Напрасно люди думают и говорят, будто Символ Веры, сформулированный Церковью шестнадцать веков тому назад, изжил свое время и устранен развитием научной культуры. Они пытаются этим «объективировать» в истории духовную инородность и несостоятельность своего собственного акта, как бы «узаконяя» свою неспособность к духо-сердечному созерцанию. «Грозя» никейскому Символу Веры от лица рассудочной науки, они не понимают или забывают основное, именно, что рассудок совершенно некомпетентен в делах религиозного опыта и что ему нечего сказать в той сфере, которая раскрывается только инородному (гетерогенному) акту. «Наука», которая не понимает своих предметных и актовых пределов, забывает обязательный для нее аскез силы суждения и вторгается в недоступные ей сферы, — есть уже не наука, а «полу-наука», со всей ее слепотой и зловредностью.
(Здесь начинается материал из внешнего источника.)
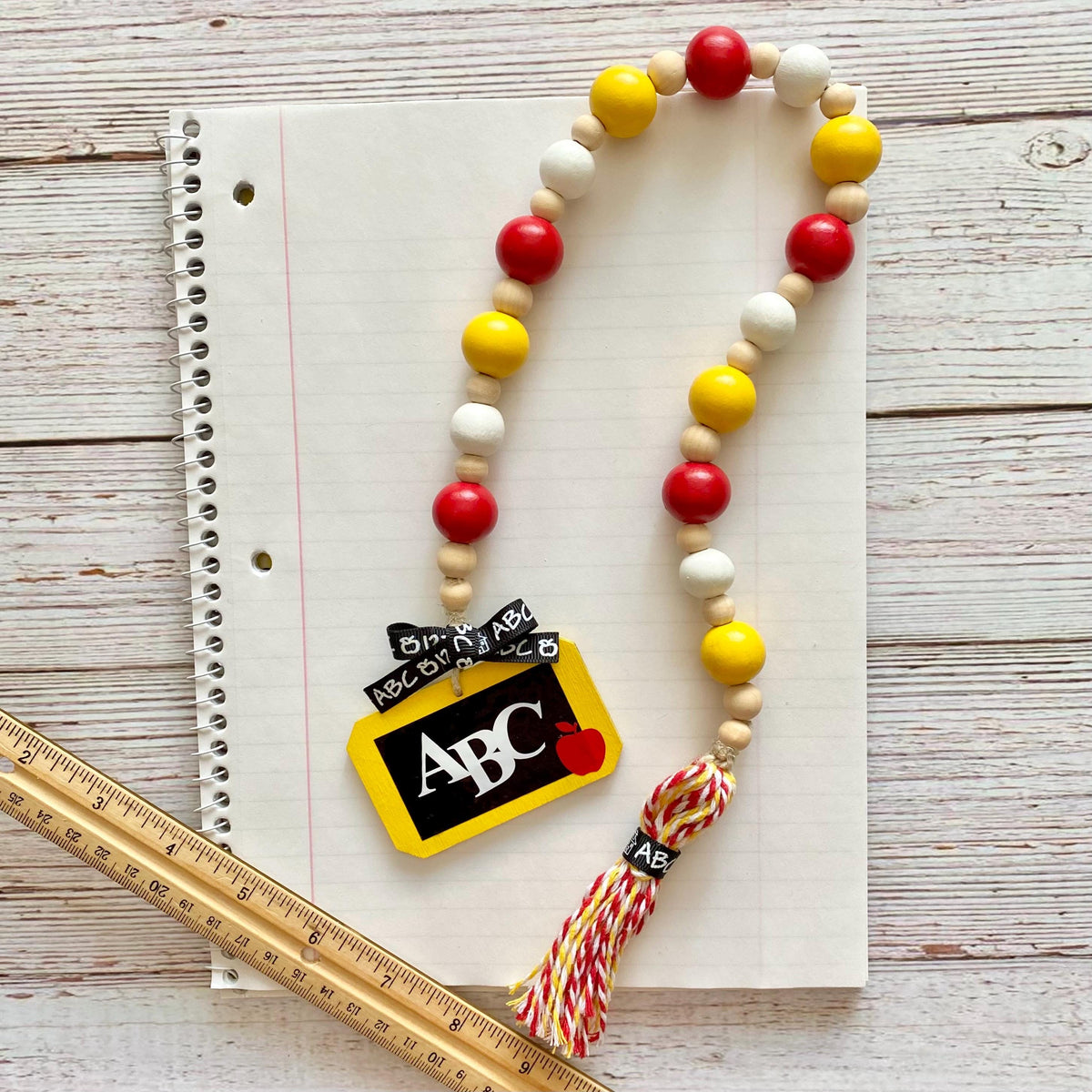 A wooden bead garland with red, yellow, and natural wood beads, featuring a yellow and black 'ABC Kindergarten' chalkboard charm and a red, yellow, and white tassel, displayed on a lined notebook with a wooden ruler.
Акт, наблюдающий внешние явления, удостоверяющий их и обобщающий их черты, желающий все взвесить и смерить, — некомпетентен в сфере духовного опыта; и суждения его безответственны и неинтересны. Догмат дается Церковью как основа религии, а религия не есть наблюдение внешних явлений и есть не просто умственное «воззрение», а самый огонь жизни. Так называемое «христианское» человечество еще не жило в духе и в смысле христианского Символа Веры, и пути эти для него еще открыты. — Таков внутренний смысл догмата.